Department of Automation, Shanghai Jiao Tong University, and Key Laboratory of System Control and Information Processing, Ministry of Education of China, Shanghai 200240, China.
BMC Bioinformatics. 2012 May 31;13:118. doi: 10.1186/1471-2105-13-118.
Adenosine-5'-triphosphate (ATP) is one of multifunctional nucleotides and plays an important role in cell biology as a coenzyme interacting with proteins. Revealing the binding sites between protein and ATP is significantly important to understand the functionality of the proteins and the mechanisms of protein-ATP complex.
In this paper, we propose a novel framework for predicting the proteins' functional residues, through which they can bind with ATP molecules. The new prediction protocol is achieved by combination of sequence evolutional information and bi-profile sampling of multi-view sequential features and the sequence derived structural features. The hypothesis for this strategy is single-view feature can only represent partial target's knowledge and multiple sources of descriptors can be complementary.
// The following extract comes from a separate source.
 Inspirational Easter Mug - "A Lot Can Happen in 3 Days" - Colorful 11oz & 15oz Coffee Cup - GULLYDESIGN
Prediction performances evaluated by both 5-fold and leave-one-out jackknife cross-validation tests on two benchmark datasets consisting of 168 and 227 non-homologous ATP binding proteins respectively demonstrate the efficacy of the proposed protocol. Our experimental results also reveal that the residue structural characteristics of real protein-ATP binding sites are significant different from those normal ones, for example the binding residues do not show high solvent accessibility propensities, and the bindings prefer to occur at the conjoint points between different secondary structure segments. Furthermore, results also show that performance is affected by the imbalanced training datasets by testing multiple ratios between positive and negative samples in the experiments. Increasing the dataset scale is also demonstrated useful for improving the prediction performances.
三磷酸腺苷(ATP)是一种多功能核苷酸,作为与蛋白质相互作用的辅酶,在细胞生物学中发挥着重要作用。揭示蛋白质与 ATP 之间的结合位点对于理解蛋白质的功能和蛋白质-ATP 复合物的机制具有重要意义。
在本文中,我们提出了一种新的框架,用于预测与 ATP 分子结合的蛋白质功能残基。新的预测方案是通过序列进化信息和多视图序列特征的双谱采样以及序列衍生结构特征的组合来实现的。该策略的假设是单视图特征只能代表部分目标的知识,并且多个描述符来源可以互补。
通过对包含 168 个和 227 个非同源 ATP 结合蛋白的两个基准数据集进行的 5 折和留一法 jackknife 交叉验证测试的预测性能评估表明了该方案的有效性。我们的实验结果还表明,真实蛋白质-ATP 结合位点的残基结构特征与正常残基显著不同,例如结合残基不显示高溶剂可及性倾向,并且结合更倾向于发生在不同二级结构片段的连接点处。此外,通过在实验中测试多个正样本和负样本之间的比例,结果还表明性能受到不平衡训练数据集的影响。增加数据集规模也被证明有助于提高预测性能。